In the petroleum industry, achieving rapid, reliable, and cost-effective predictions is a crucial task. It can significantly enhance the efficiency of future development planning and boost recovery rates [1]. Daily production generates vast amounts of data. However, these data are often constrained by regional economic conditions and production costs (such as CO2 pricing), which impede the timely intelligent upgrading of production equipment. Production dynamics are largely reliant on manual statistics, frequently leading to production halts or data gaps. These issues compromise the accuracy of the data and make it challenging for managers to access sufficient and reliable information to accurately predict production dynamics.
To address these requirements, mechanism-based and data-driven prediction methods have emerged as mainstream research directions. Most mechanism-based methods, such as reservoir numerical simulation [2,3], typically employ a bottom-up modeling approach to construct models. Establishing a model to simulate reservoir behavior requires obtaining extensive underground data. This process demands a significant amount of data and can take hours to approximate a solution. It also has high data quality requirements, making it difficult to detect occasional data recording errors. Moreover, it struggles to quickly adapt to sudden changes in production dynamics, such as weekly shutdowns.

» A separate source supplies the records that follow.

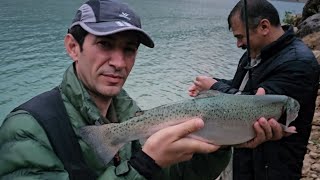 ماهی گیری قزل آلای وحشی در روز بارونی #fishing #fishingvideo #ماهیگیری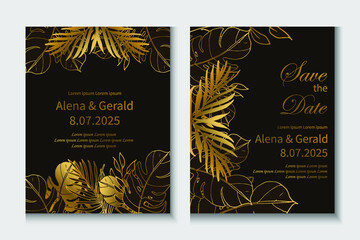 Beautiful wedding gold card line art bouquet
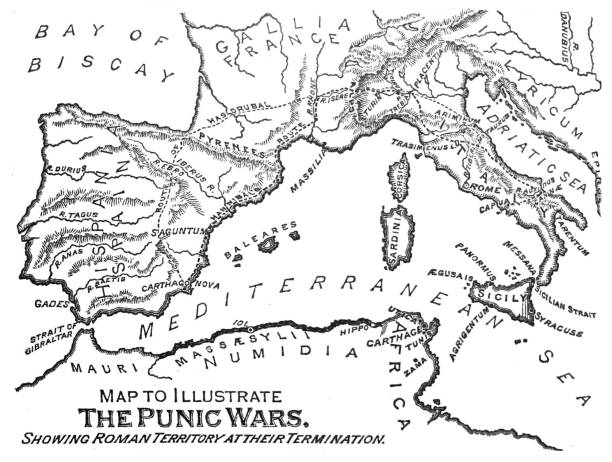istock Antique illustration - World History - Map of the Punic Wars 1333761226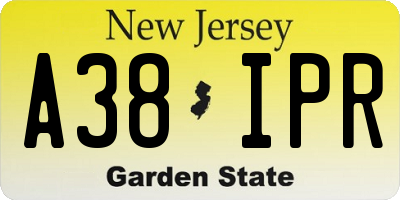 NJ license plate A38IPR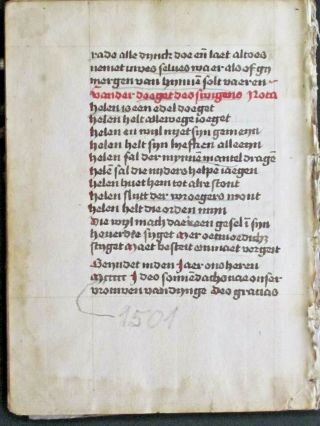 Rare dated liturgical paper Manuscript quire of 10 leaves ln Dutch,  done in 1501 12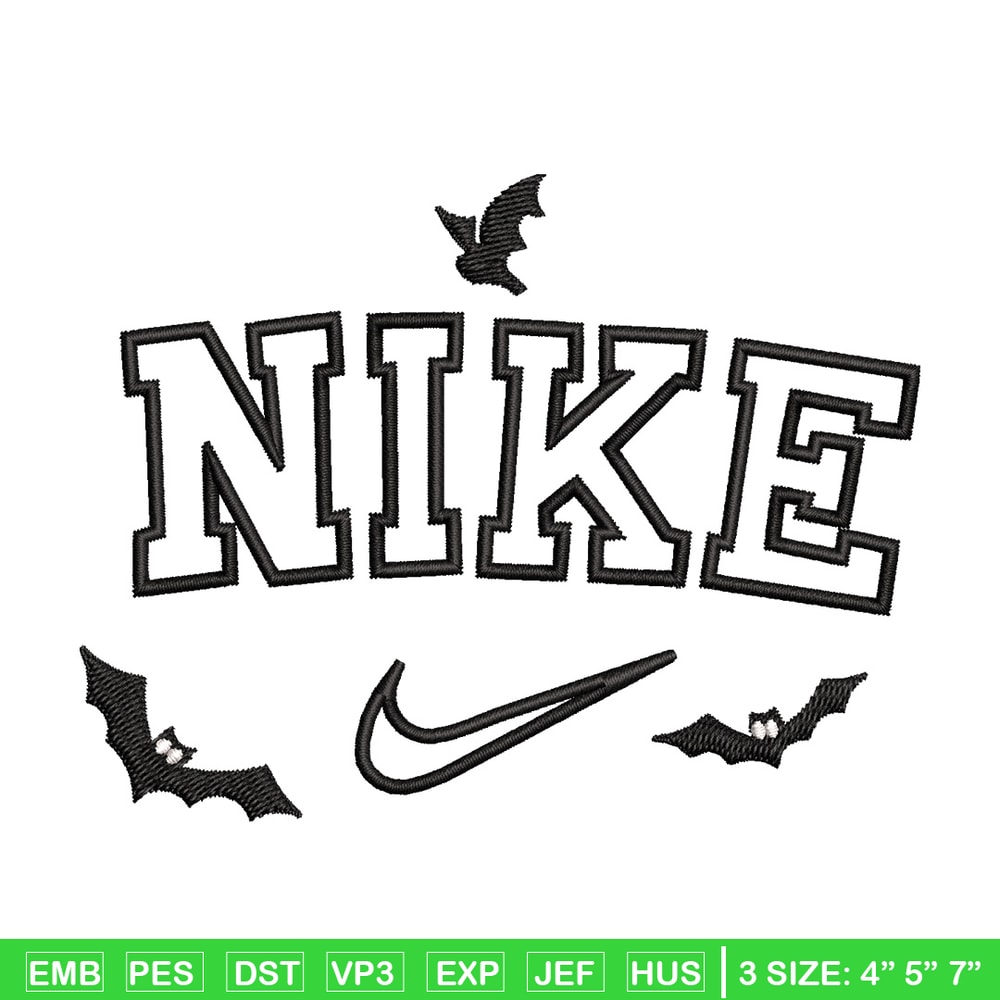 Nike x bat embroidery design, Bat embroidery, Nike design, Embroidery shirt, Embroidery file,Digital download.jpg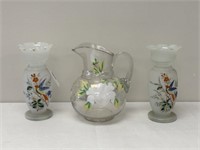 Bristol Glass Vases & Hand Painted Water Pitcher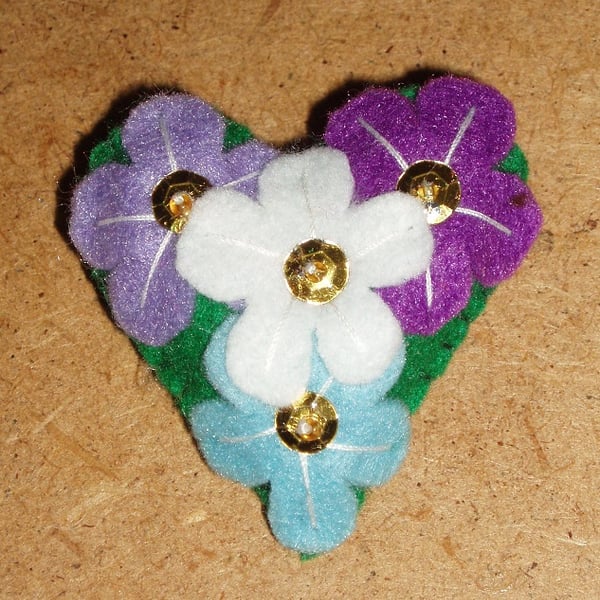 Felt Brooch Multi Flower in Purples Small Heart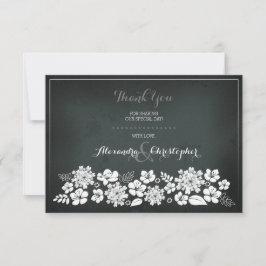 黒板の白い花のヴィンテージは感謝していしています サンキューカード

In numerical simulation, the reservoir is discretized into a grid, necessitating comprehensive data collection for accurate simulation. However, subtle changes in the formation during production may occur, requiring meticulous and expensive formation testing [4]. This is particularly problematic for cost-sensitive oil reservoirs that are already in production, as the process then becomes economically unfeasible.
Over the past few decades, various mechanism-based methods have been developed for production prediction. Early approaches typically employed simple statistical methods to analyze and organize the relationships between dynamic indicators generated in oil fields (such as blocks or individual wells), thereby deriving corresponding mathematical models. These methods gained widespread use in practical applications—such as A-, B-, C-, and D-type water–drive characteristic curves [5,6]—due to their convenient and accurate data sources, straightforward relationships between relevant indicators, and simple data processing procedures. However, because of their fixed model types, it is essential to assess the applicability of these characteristic curves during use. Significant deviations may occur if there are changes in injection and production methods or injection materials.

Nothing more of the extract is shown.